The trial and sentencing of Tymoshenko to seven years in jail for alleged abuse of power has already cost Ukraine a landmark political agreement with the European Union.
The 2004-2005 Orange Revolution street protests made the country many friends in the West, and it continued to bathe in the after-glow of that popularity long after the Orange leaders came to power, fell out among themselves and were voted out of office.
So for Ukraine a lot of the European reaction is unexpected and seems unfair – especially given its huge efforts to overhaul a ramshackle infrastructure in double-quick time and make it fit to host one of Europe’s biggest sporting events.
In less than two years, it has laid thousands of kilometres of new roads, built new airport terminals and laid on high-speed train services between Euro locations. Kiev’s Olympisky stadium, where the July 1st final will be played, has been revamped from the outdated Soviet relic that first opened in 1923.
Uefa president Michel Platini, who has toured Euro venues over the past two years and often chided Ukraine along the way, recognised the huge effort. “Bravo to all responsible for Ukraine’s preparations,” he said late last year, giving a thumbs-up.
Platini did, however, harangue the country over the sky-high prices of accommodation on offer to visiting fans. Ukraine’s hoteliers, he said, were “bandits and swindlers” for jacking up prices tenfold in the four host cities of Kiev, Lviv, Kharkiv and Donetsk.
The Kiev government, which expects at least a million fans to visit, has sought to curb hoteliers with anti-trust investigations and a planned deal with a low-cost airline that officials say will offer $300 (€230) return trips from London.
All the same, there are signs that many fans are opting to stay at home and follow their national team’s fortunes on television rather than make the trek to Ukraine.
Yanukovich, a heavily built hard man who has run Ukraine since February 2010, after narrowly beating Tymoshenko for the presidency, may still hope the Euro competition will generate some joy amid mounting economic woes that threaten his party’s success in an end-of-year election.
But freeing Tymoshenko, his nemesis for years, still does not seem an option.

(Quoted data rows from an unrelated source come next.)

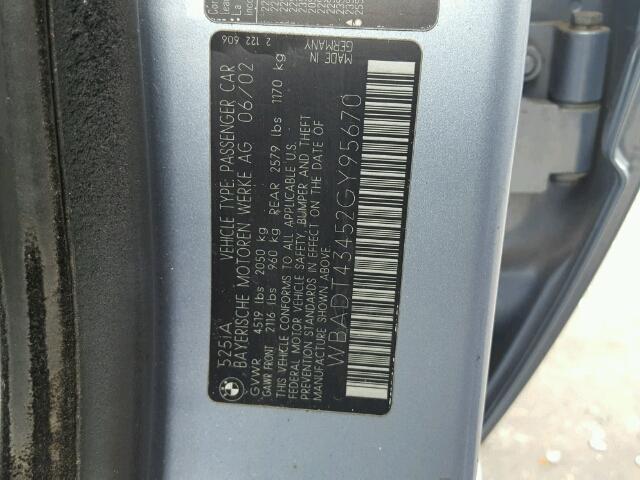 WBADT43452GY95670 - 2002 BMW 525 I AUTO BLUE photo 10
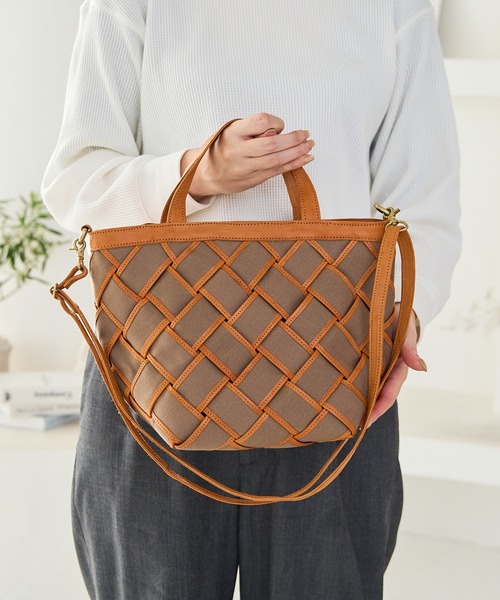 ハンドバッグ キャンバス×カウレザー ズッケロ 2way ショルダー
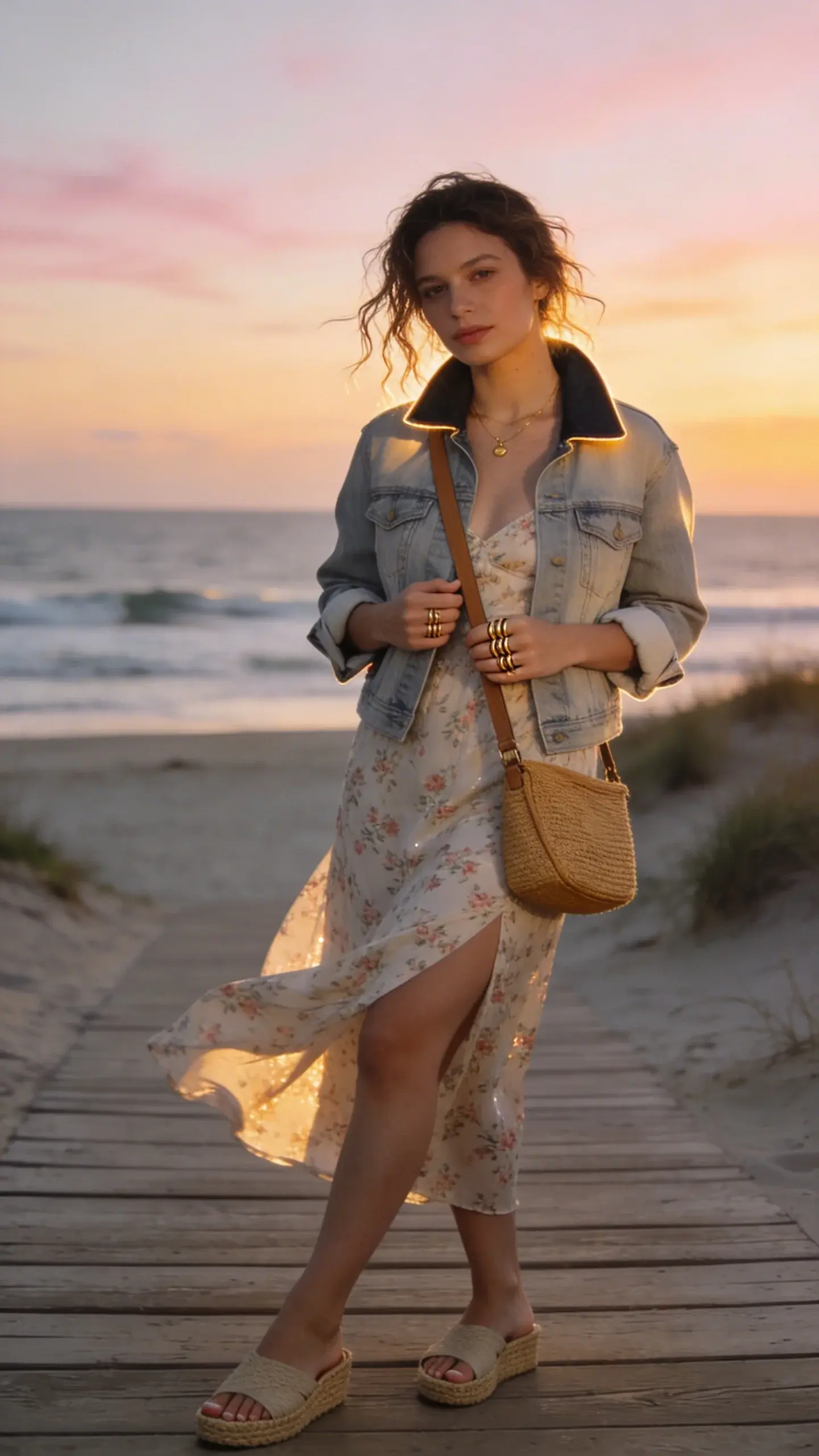 Golden-hour beachfront scene, realistic high-resolution fashion photo of a woman on vacation during a cool summer evening. She stands on a wooden boardwalk by the shore with soft waves and a pastel sunset sky behind her. She has tousled, salty beach hair and minimal sun-kissed makeup. Outfit: a light-wash denim jacket that hits at the hip with the collar subtly popped and sleeves casually cuffed; a breezy midi slip dress in a delicate floral print that moves with the sea breeze; neutral espadrille wedges; a tan woven crossbody bag worn across her torso; stackable gold rings on a few fingers. She gently holds the strap of the crossbody with one hand and the other hand grazes the jacket hem, creating a relaxed, flirty stance. Lighting: warm, directional sunset light with soft shadows and a gentle rim light along the jacket and hair. Composition: three-quarter body framing, slightly off-center rule-of-thirds, shallow depth of field to softly blur the shoreline and dunes. Styling details: natural linen texture in the bag, subtle sheen on the slip dress, clean manicure, delicate gold jewelry. Mood: effortless coastal chic, “Coastal Denim Jacket Energy With A Flirty Dress,” cozy yet breezy vacation evening aesthetic. Camera: full-frame DSLR, 50mm lens at f/2.8, ISO 200, 1/500s. No text, no logos.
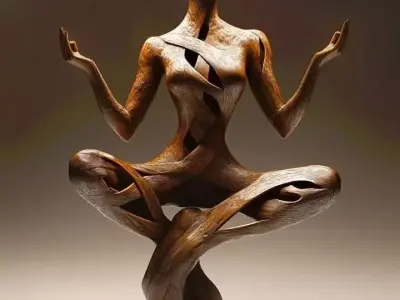 Wooden Meditation Sculpture Female Lotus Pose 3D Low-poly 3D model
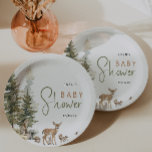 Forest Woodland Animals Baby shower Papieren Bordje<br><div class="desc">Introductie van onze bosdieren baby shower papieren borden, ideaal voor een leuke en grillige viering! Met een waterverf bos verhaal thema met schattige wezens zoals een vos, konijntje, en herten, het is geweldig voor een genderneutrale douche. Dit bohemien-geïnspireerde ontwerp zet een zoete en eenvoudige scène met zijn natuurlijke landschap van...</div>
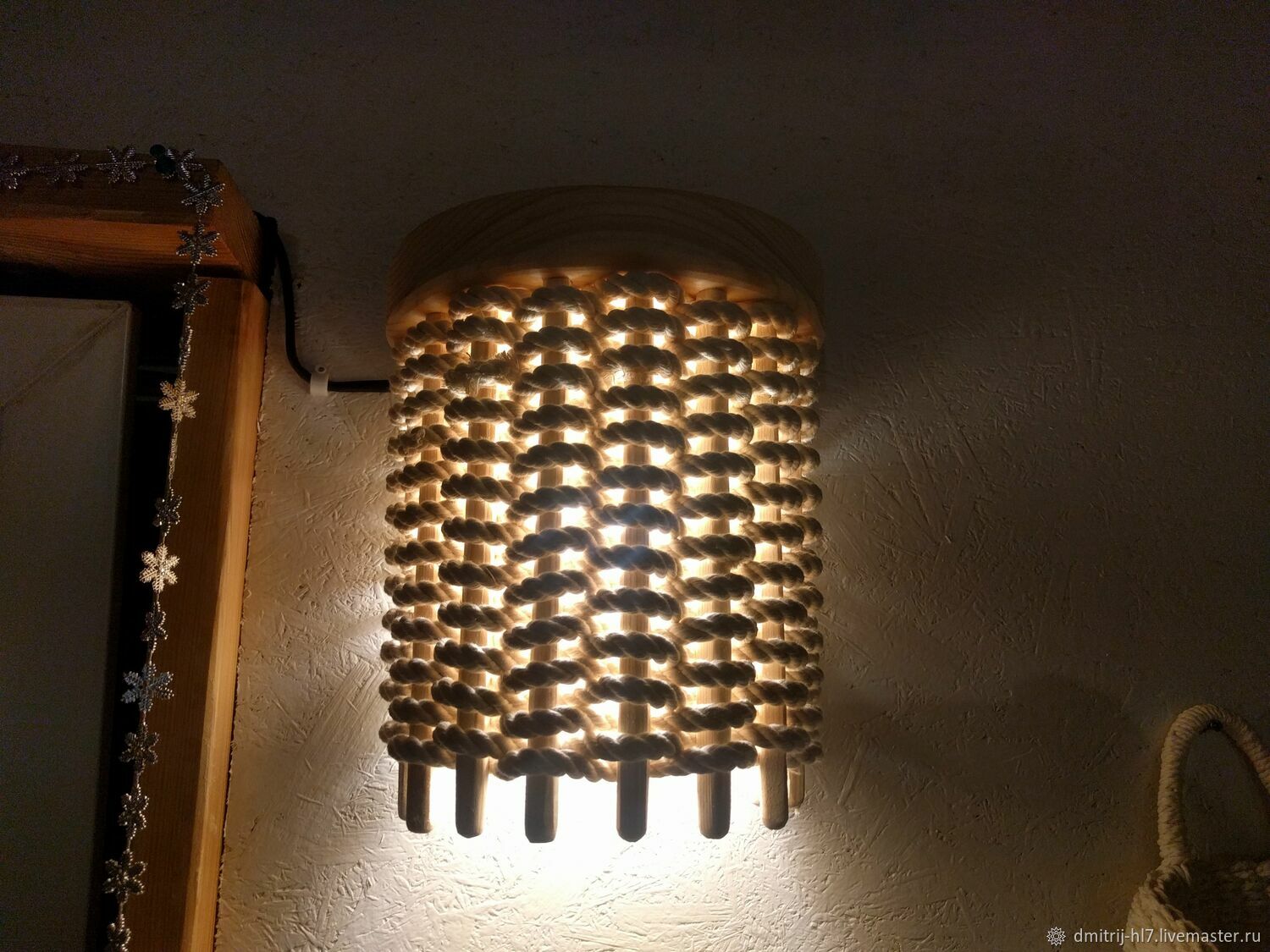 Настенный светильник из канатов и дерева в интернет-магазине на Ярмарке ...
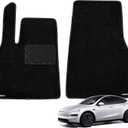 WENNEBIRD Superior Carpet Front Row Floor Mats for 2025-2026 Tesla Model Y (Juniper), 0.6-Inch Ultra-Thick, Noise-Reducing, All-Weather Waterproof Anti-Slip 2-Pc Set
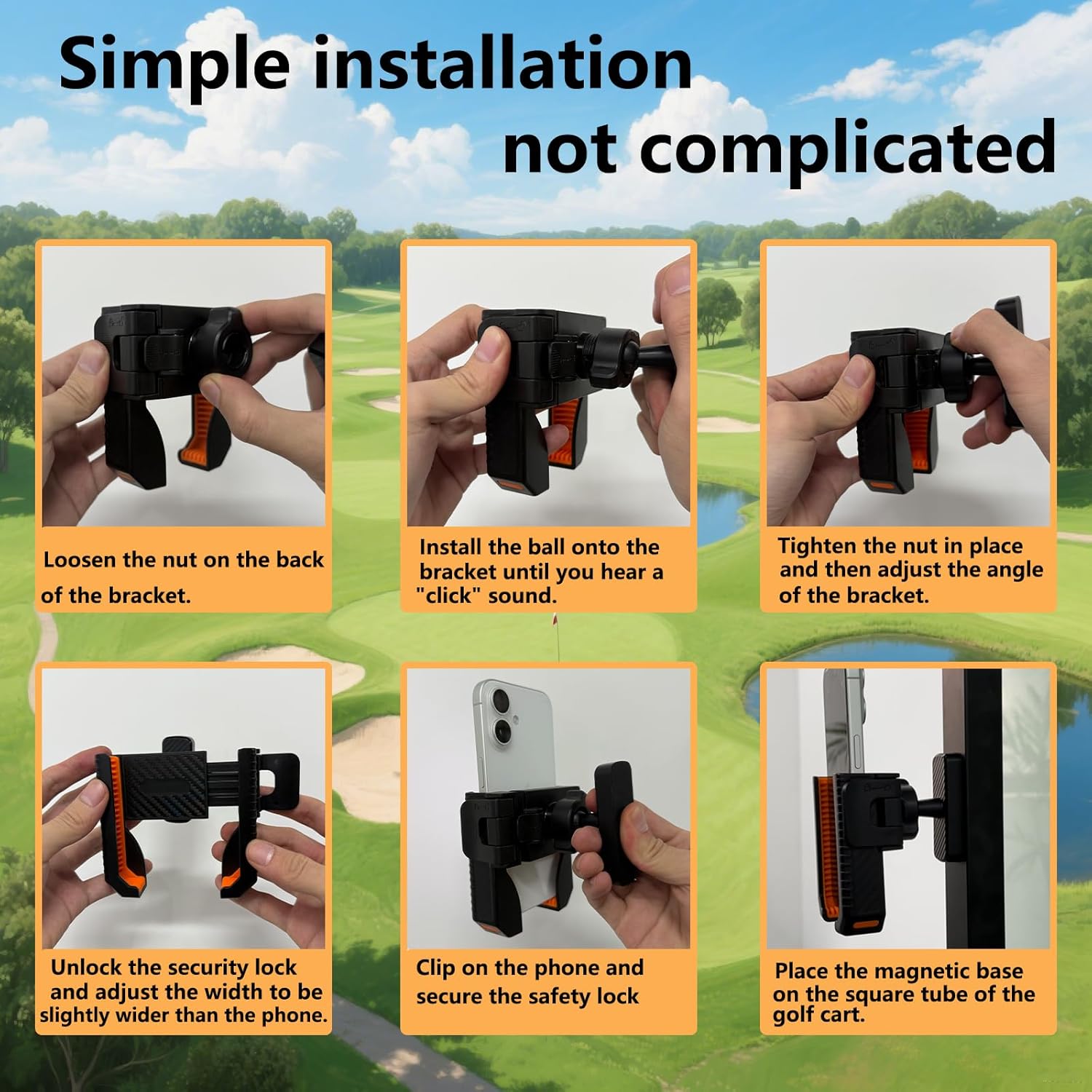 2025 Upgraded Magnetic Golf Cart Phone Holder - 8×N52 Magnets,360° Rotatable Fit EZGO/Club Car/Yamaha/Icon Golf Carts - Compatible with iPhone, Samsung & More - Golf Accessories Gift for Men & Women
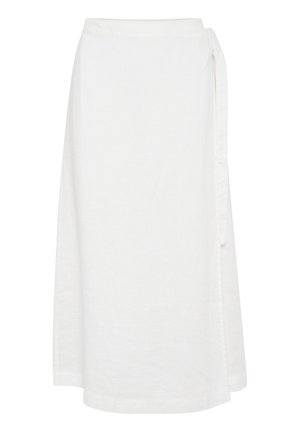 Weißer Leinenwickelrock, knielang, mit einer Schleifenakzent an der Taille. Glatte Textur mit einem klaren, einfachen Design. Keine sichtbaren Muster.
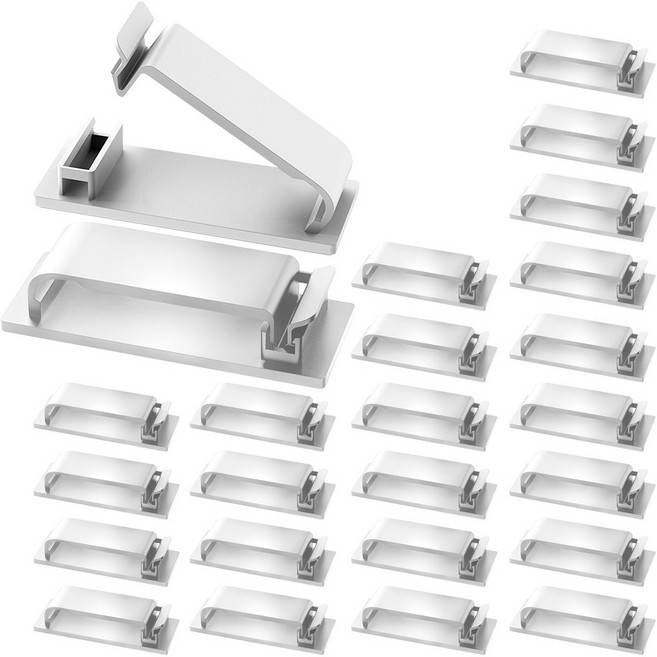 캔모어 케이블 와이드 전선 선 정리 고정 클립, 25개, 흰색(단일홀)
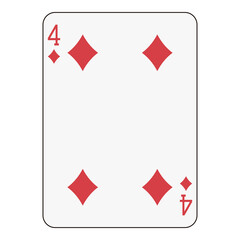 Four of Diamonds Playing Card - Professional Card Game Design
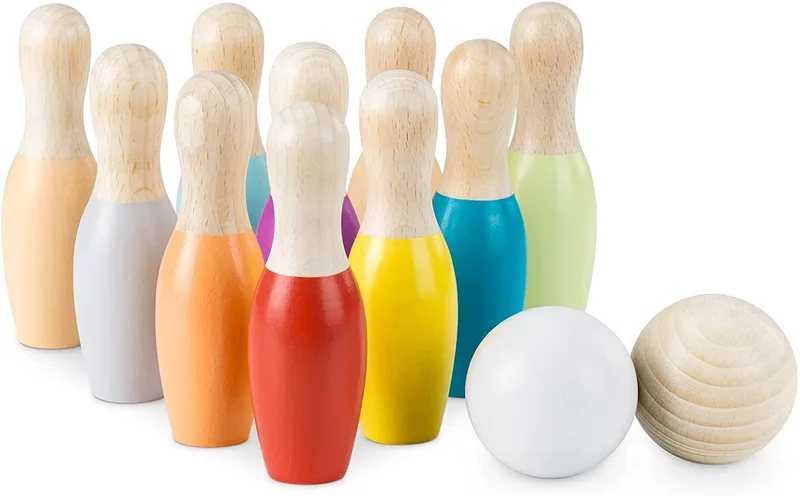 Navaris Wooden Bowling Set for Kids - Σετ Παιχνίδι Μπόουλινγκ για Παιδιά με 10 Κορίνες και 2 Μπάλες από Ξύλο (56354.01)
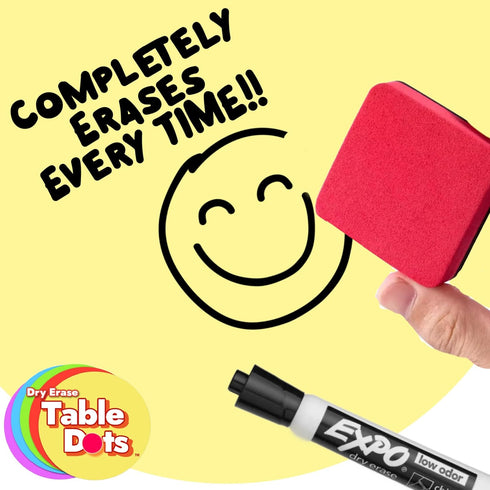 Table Dots Dry Erase Circles for Classroom Teachers, 10 Pack, 12" PVC, 5 Colorful Stickers, Removable Desktop Whiteboard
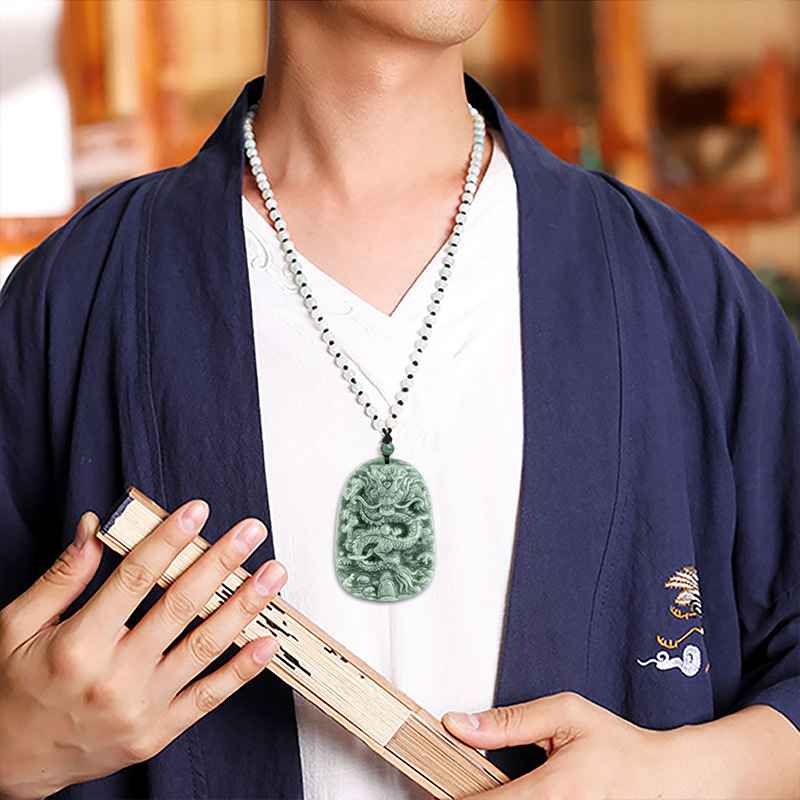 Mens Jade Necklace - Feng Shui Dragon Necklace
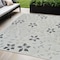 Homeroots 5' X 7' Cream And Gray Floral Distressed Indoor Outdoor Area Rug 558734 - alternate 1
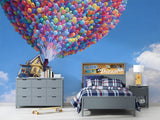 Floating House Balloon Wall Mural – Colorful Hot Air Balloon Peel and Stick Wallpaper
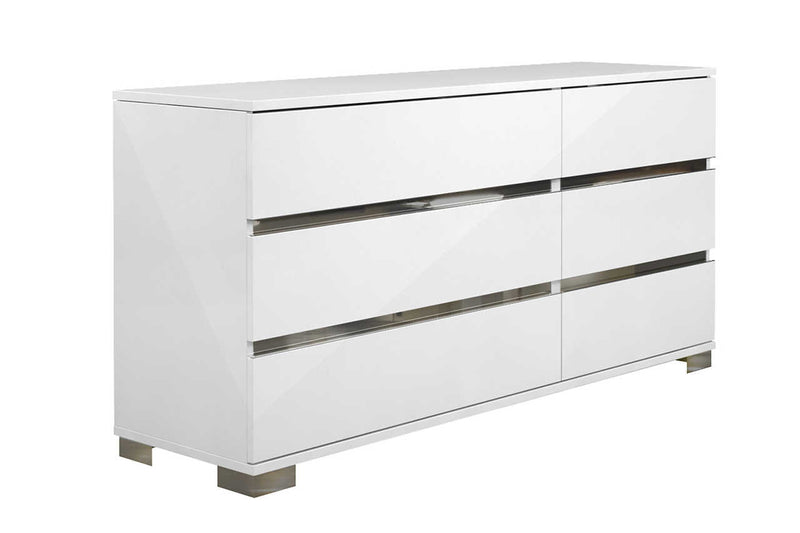 Dream White Modern Contemporary High Gloss Lacquer Solid Wood Italian Bedroom Set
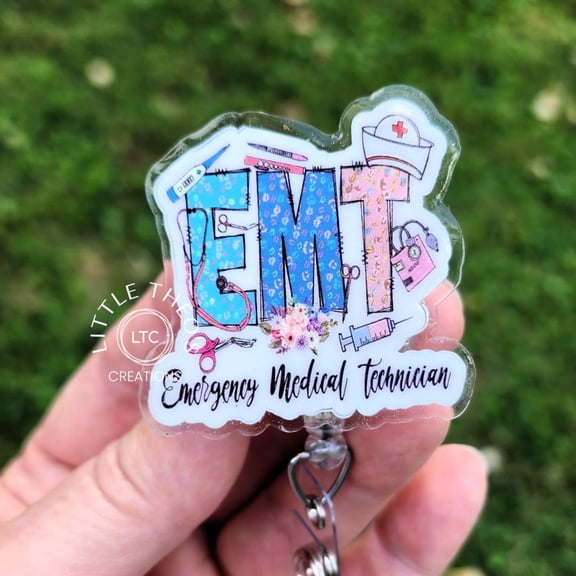 EMT Badge Reel: Acrylic Medical Badge Clip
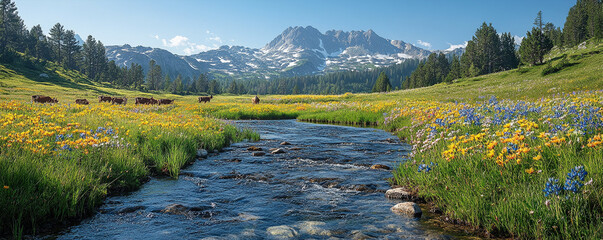 Wildflower Meadow and Mountain Stream Landscape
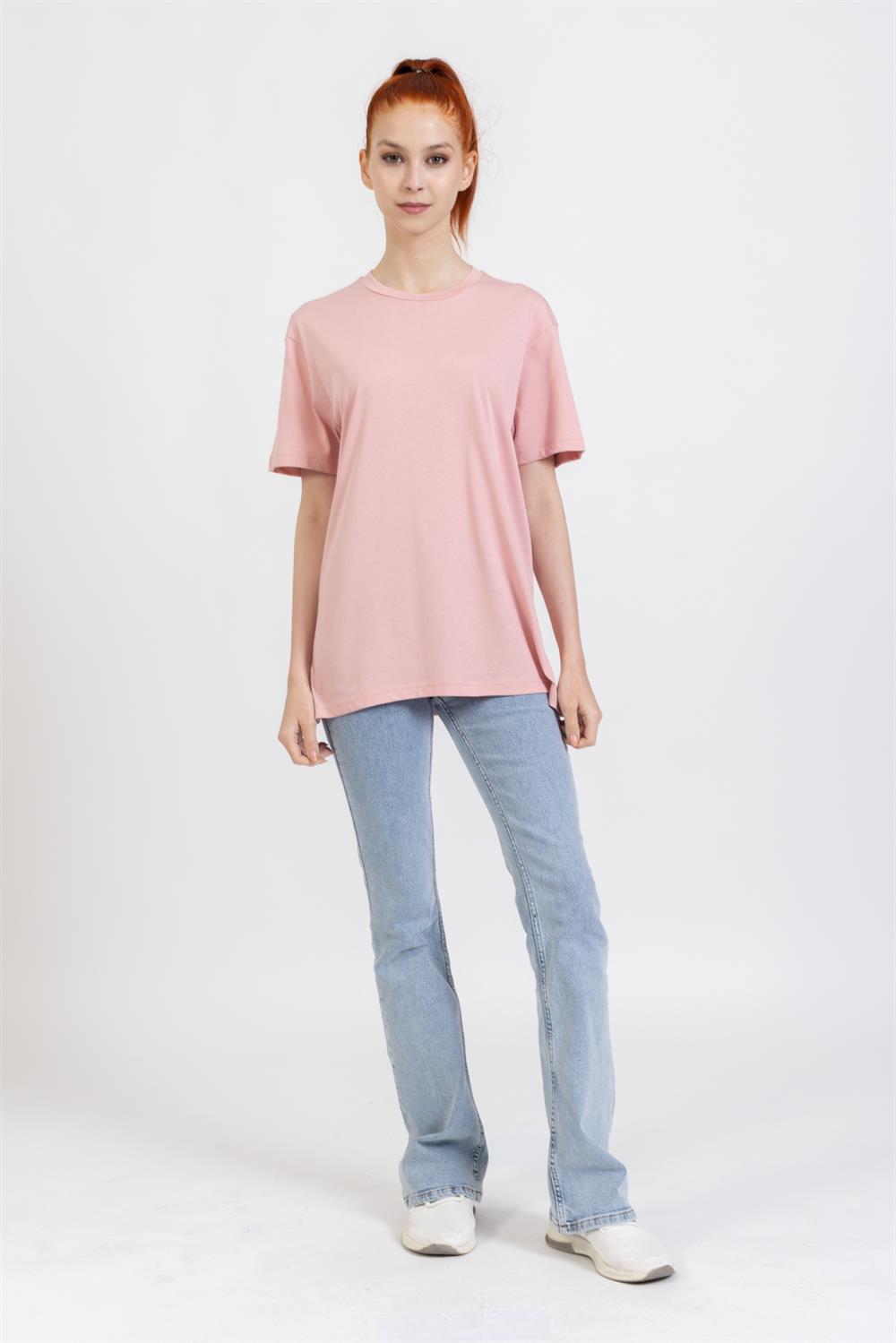 La Bayan O yaka Düz Basıc K.Kol Tshırt Pudra 3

The charismatic opposition politician threatened the interests of many of Ukraine’s oligarchs when she was in power. Sharp of tongue, she went out of her way to belittle Yanukovich in a later campaign for the presidency in 2010 – which she lost.
“It is personally difficult for him to release Tymoshenko,” said Olga Shumylo-Tapiola, a visiting scholar at Carnegie Europe. “One of the reasons is that he feels he will look weak at home.”
Tymoshenko seems able to create trouble for Yanukovich just by lying in prison. Kharkiv, where she is being held, will stage three matches in the Euro qualifying stages. With the city flooded with foreign journalists, the Yanukovich leadership is aware of the fertile PR ground she will be able to exploit without even stirring from her prison bed.